The tone of disillusionment and decay shrouds the book like a fog hanging over a sea: the country is recovering from the Balkan Wars of the 1990s, Dada is listless after a relationship breakdown, and her family is struggling to live with the trauma of Daniel’s death.
The “plot”, though, comes a distant second to the picaresque cast of characters and the language. Savičević’s background as a poet is evident. Take this passage:
“The day is waning and the storm subsiding. Now the light is already softer and the plants are turning their stalks towards the west, while a swift, invisible animal bends the burned grass.” (p. 149)
As for the characters, they range from an angelic war orphan-turned gigolo (called Angelo, of course) to a sleazy professor who keeps salamanders in formalin jars to Dada’s mother, who spends her days servicing her addictions to soap operas and sleeping pills.
The author is well-served by Celia Hawkesworth’s translation.
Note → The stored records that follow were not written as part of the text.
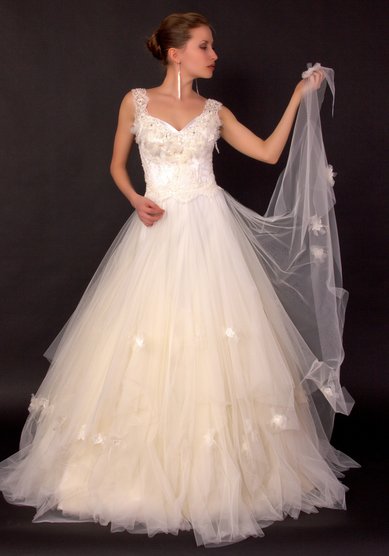 Свадебное платье Долида, 4596-К62797 - САЛОН СВАДЕБНОЙ И ВЕЧЕРНЕЙ МОДЫ Конфетка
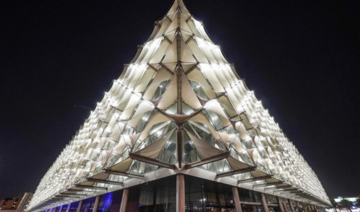 Exposition de diadèmes à la bibliothèque nationale du roi Fahd à Riyad 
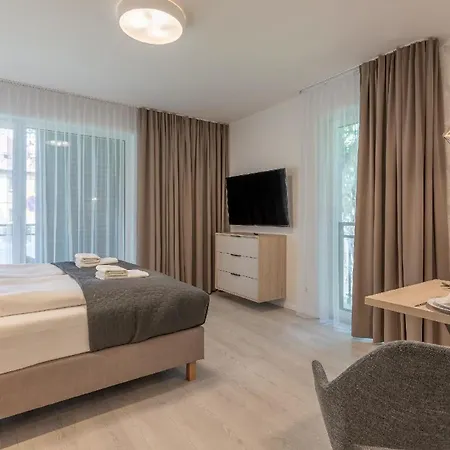 Matejki 2 - Ihr Zuhause In Der Ferne Apartment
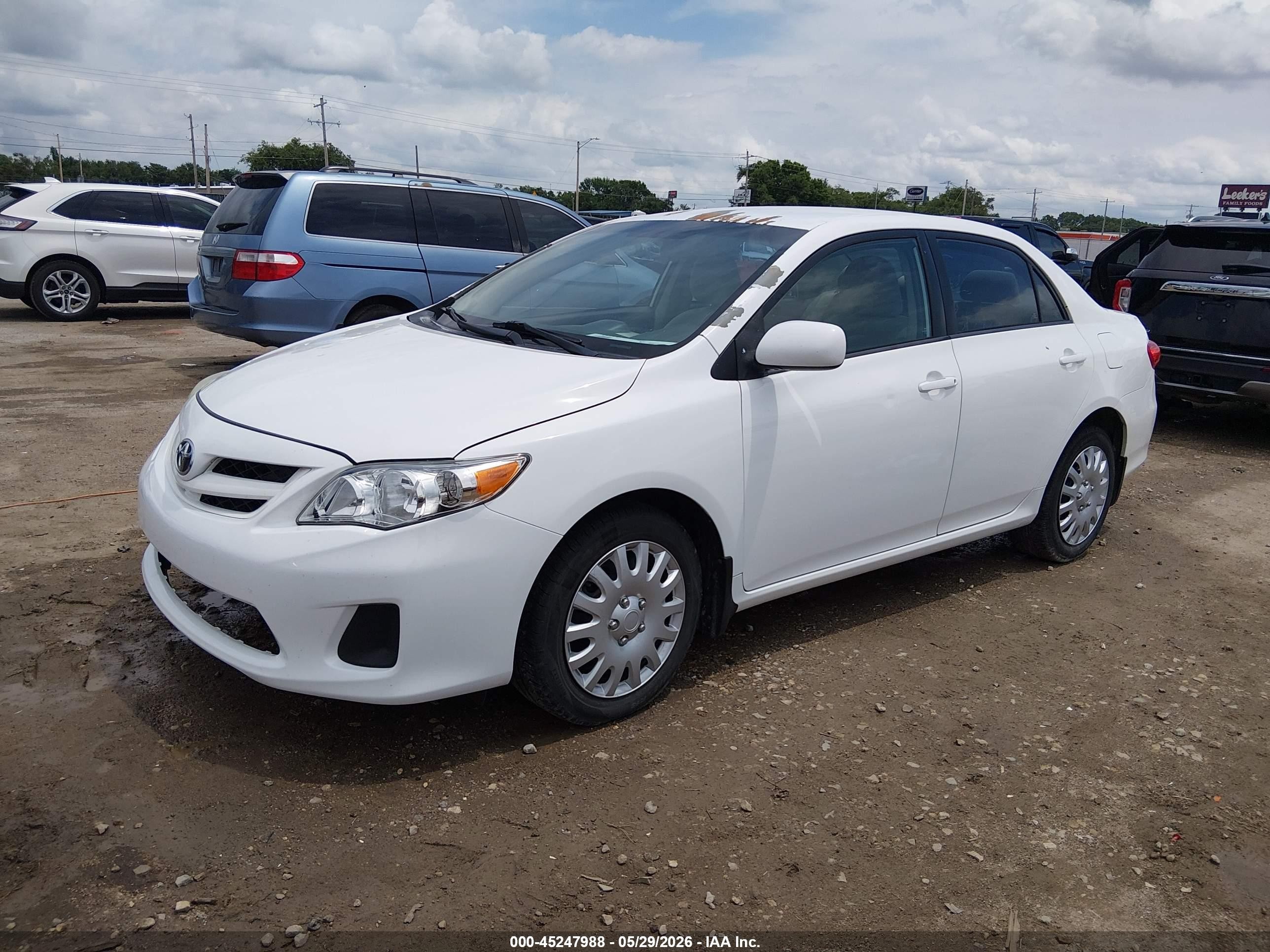 2012 Toyota Corolla Le White vin: 5YFBU4EE3CP041354
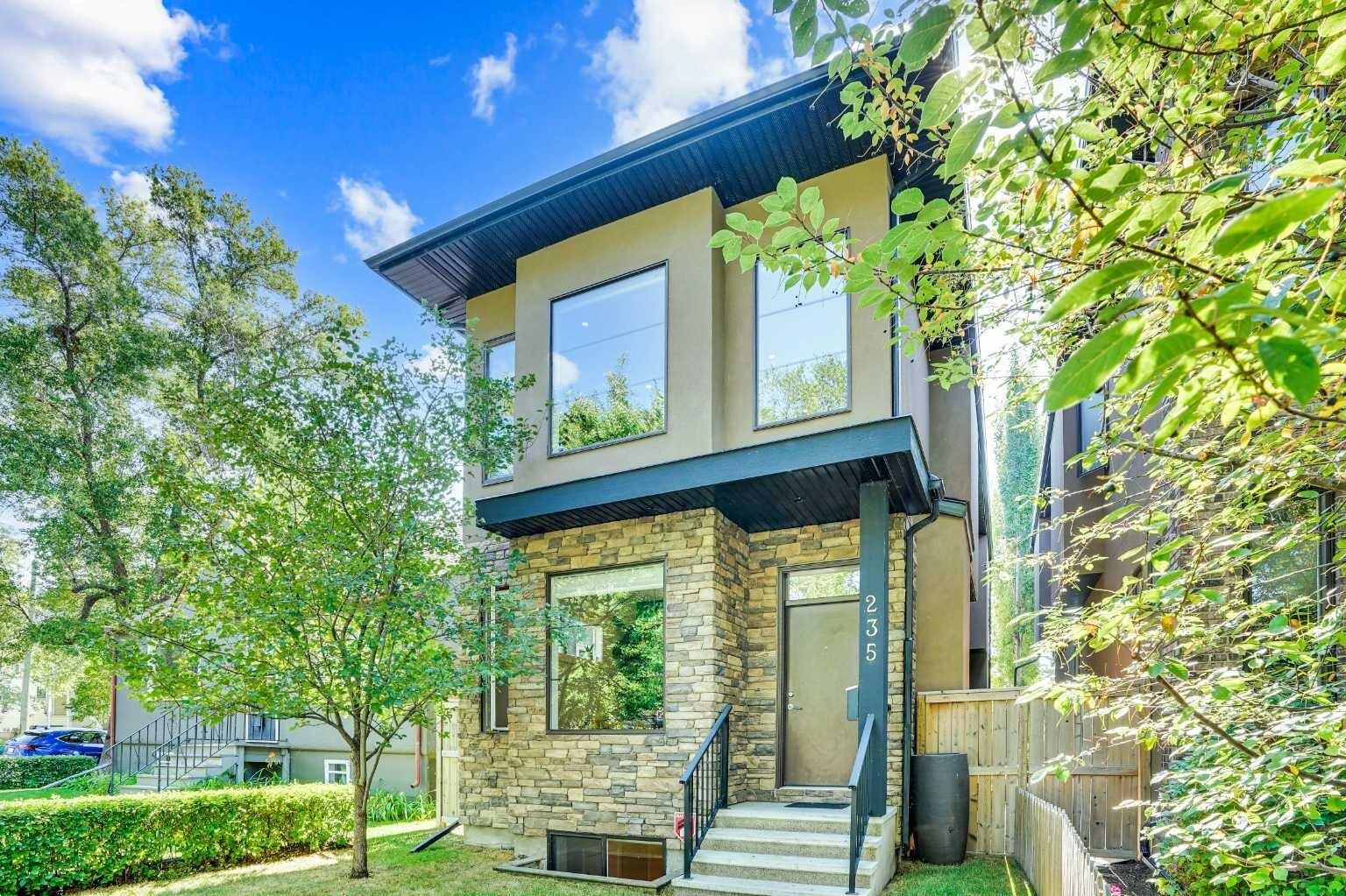 Property Photo: 235 11 Avenue NE AB T2E 0Y9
Savičević’s wild lyricism comes through beautifully, although this reader regretted the preponderance of run-on sentences (what is it with this trend to use a comma instead of a full-stop?).
Overall, while the plot was too diffuse for the novel to be called truly gripping, Savičević’s is definitely a writer to be reckoned with. Kudos to Istros Books for bringing her work to English-speaking readers.